Beyond the Math: Effective Machine Learning in Security

In an attempt to appeal to information security executives and practitioners, some vendors have positioned Machine Learning (ML) – often liberally decorated as “Artificial Intelligence” (AI) – as a panacea for information security’s challenges.  In many cases, the hype has gone well beyond reality and become marketing nonsense.  Is there a useful place in information security for machine learning?  Most definitely. Will algorithms replace domain experts?  No.  Is machine learning automagically better than other carefully crafted detections because, well, math?  No.

Whether you’re on the vendor side (as I am) or on the user side (as many of you surely are), there is far more nuance to effectively using ML to achieve your security objectives.   ML can be extremely powerful, but it is not always the answer.  Even when it is the best tool for the job, it is very easy to screw up a ML model due to the use of bad data, incomplete data, the wrong features, or a variety of other factors.  Worse, vendors’ poorly explained metrics and unverified claims can make it impossible for users to recognize bad implementations.

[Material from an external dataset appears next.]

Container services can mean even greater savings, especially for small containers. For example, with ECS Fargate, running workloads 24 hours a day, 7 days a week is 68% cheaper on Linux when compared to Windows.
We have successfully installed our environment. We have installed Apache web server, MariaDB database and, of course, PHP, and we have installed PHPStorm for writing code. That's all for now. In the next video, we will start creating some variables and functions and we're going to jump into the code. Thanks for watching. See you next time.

Even the concepts themselves are misused and mischaracterized interchangeably, leading to the necessity for articles to ‘demystify’ AI and ML in security.   To simplify, AI is the practice of making computers behave or reason in an “intelligent” manner.  ML is a subset of AI, in which the computer makes predictions or insights from data.  In security, most discussions related to AI are actually just ML so we will stick to that terminology here for consistency.    

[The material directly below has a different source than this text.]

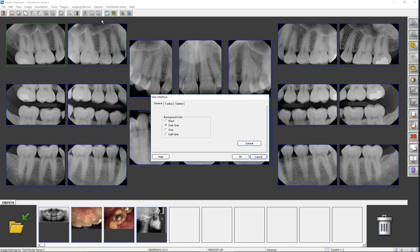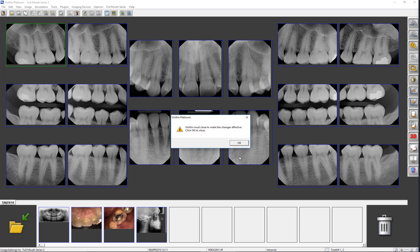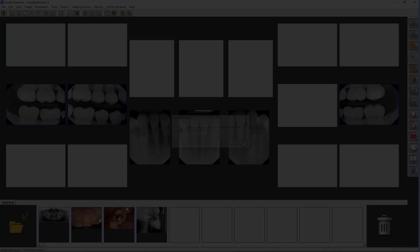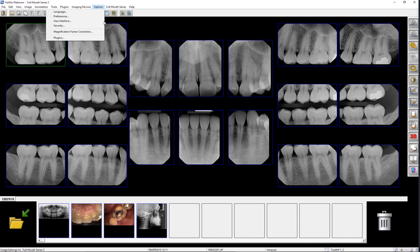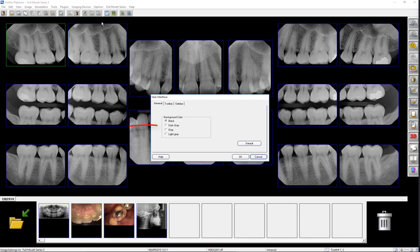A dialog window will appear allowing the user to change the background color. Let's select the black option, then click OK. You will need to close and reopen VixWin for the change to occur. Click on Dark Gray, the default color, or on Default to return to the dark gray desktop.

As ML remains a hot buzzword in security, the misconceptions surrounding it only seem to be increasing. I’ll first address many of the misconceptions of ML in security, and then highlight the advantages of good ML-driven solutions when properly implemented. Given the range of pitfalls and considerations required to optimize a ML-driven solution, a hybrid approach of domain expertise combined with ML is necessary. It is this interplay that has made our research and development so successful, and continues to innovate our detection and protection capabilities within the Endgame platform.  

 

Common Misconceptions

Various myths about ML are gaining a foothold in the security community.  Many industry veterans are rightly skeptical and growing increasingly cynical as they watch vendors claim their magical ML solutions will solve all security problems. Machine learning is not the silver bullet often claimed.  Below are  four of the biggest misconceptions in security that result from that type of messaging.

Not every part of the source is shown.